Agora, com o encerramento de várias lojas e a suspensão de atividades de várias empresas ocidentais, os especialistas consideram que já se sente, na Rússia, o crescente isolamento e uma nova separação da Europa

“A Coca-Cola, a Pepsi e a McDonald’s eram símbolos da ocidentalização da Rússia, de quando a Rússia se abriu para o mundo. E o facto de essas empresas estarem a sair mostra até que ponto a Rússia se está a isolar”
, explicou à CNN Internacional Gulnaz Sharafutdinova, professor de política no King’s College London’s Russia Institute.

Quando anunciou o encerramento das centenas de restaurantes na Rússia, a McDonald’s explicou que os seus “valores significam que não podemos ignorar o sofrimento humano desnecessário que se vive na Ucrânia” e acrescentou que era “impossível prever” até quando terias as filiais russas fechadas e os funcionários sem trabalho.

“Se é o fim de uma era ou não, é difícil dizer agora, muitos especialistas temem que possa ser, e isso vai depender de quanto tempo vai levar a Rússia a ultrapassar o difícil, sombrio e tóxico regime autoritário atual”
, disse ainda Sharafutdinova. “Também consideramos que sair disto exigirá muito esforço – social, político, económico e de liderança”.

Quanto aos funcionários, a cadeia de fast food garantiu que, para já, iam continuar a ser pagos, uma vez que “trabalharam de alma e coração para servir as comunidades” russas. Mas o impacto abrange os fornecedores e os parceiros locais que “produzem alimentos para as nossas ementas e que apoiam a marca”.

Além disso, o simbolismo da retirada das empresas ocidentais da Rússia terá um impacto emocional e psicológico, afirmou também o psicólogo organizacional Thomas Chamorro-Premuzic.

"Não se trata realmente da perda funcional de pagar mais por móveis ou não ter o seu hambúrguer ou café favorito, mas o facto de se tornarem o inimigo público número um.
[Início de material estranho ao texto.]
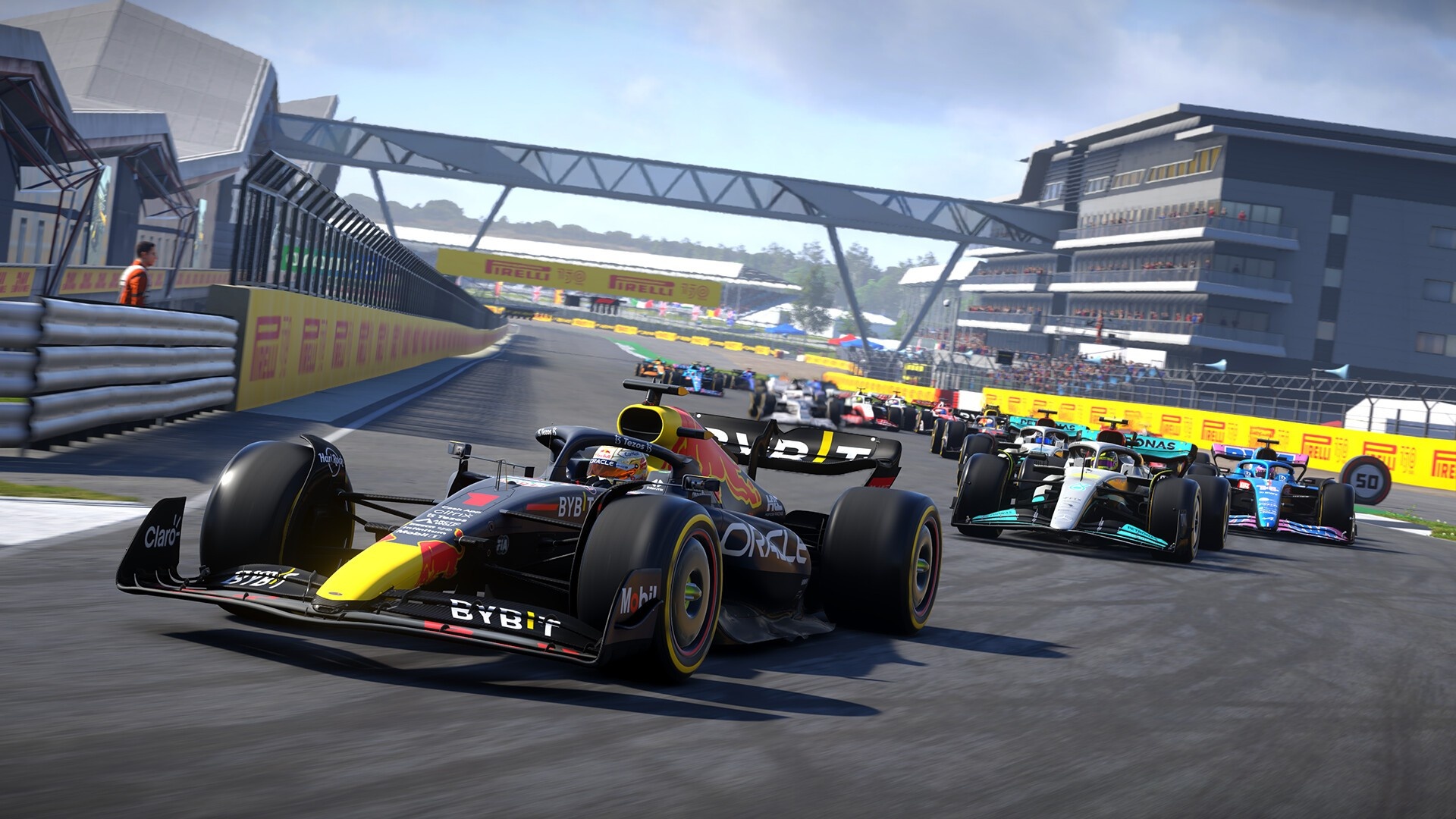 Red Bull Racing RB18, Silverstone Circuit pit straight, Mercedes-AMG F1 W13, F1 22 video game, Full HD Desktop wallpaper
Com um mau líder, são os cidadãos do país que mais sofrem"
.
Desemprego e menos poder de compra
O aumento do desemprego na Rússia será uma das maiores consequências das sanções devido à ofensiva na Ucrânia, principalmente se as empresas decidirem encerrar e não apenas suspender atividade.

"Estes são grandes empregadores e, assim como criaram muitos empregos quando chegaram, os empregos desaparecerão se saírem", disse Chamorro-Premuzic, acrescentando que não significa que as marcas ocidentais vão fechar na Rússia de forma permanente. “Podem retomar atividade se houver mudanças políticas significativas, mudanças de governo, mudanças de reputação.

"Claro que é um grande mercado para as empresas, então terão o mesmo incentivo para voltar do que tinham para ir da primeira vez. Então, se não houver impedimento moral ou de reputação da marca, voltarão"
.

Contudo, o presidente russo considera que tanto a Rússia como a Bielorrússia vão ultrapassar estas dificuldades e “adquirir mais competências, mais oportunidades para serem independentes e autossuficientes e, em última análise, beneficiar [com as sanções], como aconteceu anteriormente”.

Paralelamente ao crescente receio de aumento de desemprego, os preços dos bens-essenciais na Rússia já estão a subir.

Só na primeira semana da invasão russa à Ucrânia, os preços ao consumidor subiram 2,2 por cento, com os produtos alimentares a registar os maiores aumentos. O preço do leite, por exemplo, aumentou quase para o dobro nas últimas duas semanas. E, com o receio que haja açambarcamento, algumas lojas estão já a limitar a venda de alimentos básicos.

"A comida não vai desaparecer, mas vai ficar mais cara"
, disse à BBC uma comerciante. "Quanto mais caro, não consigo calcular — e estou com medo até de pensar".

"A 20 de fevereiro, encomendei mantimentos por 5.500 rublos e agora os mesmos produtos custam 8.000"
, disse ainda.

Os preços do açúcar e dos cereais já estavam cerca de 20 por cento mais elevados em fevereiro do que há um ano e a tendência é que continue a aumentar.

Para agravar a situação da população russa, embora a venda de medicamentos não esteja sujeita a sanções, receia-se que esgotem os stocks e demore a reposição com as suspenções do transportes.

Mas não só os bens de primeira necessidade aumentaram. O setor das tecnologias não escapou às sanções, tendo o preço de smartphones e de televisões aumentado 10 por cento nos últimos dias.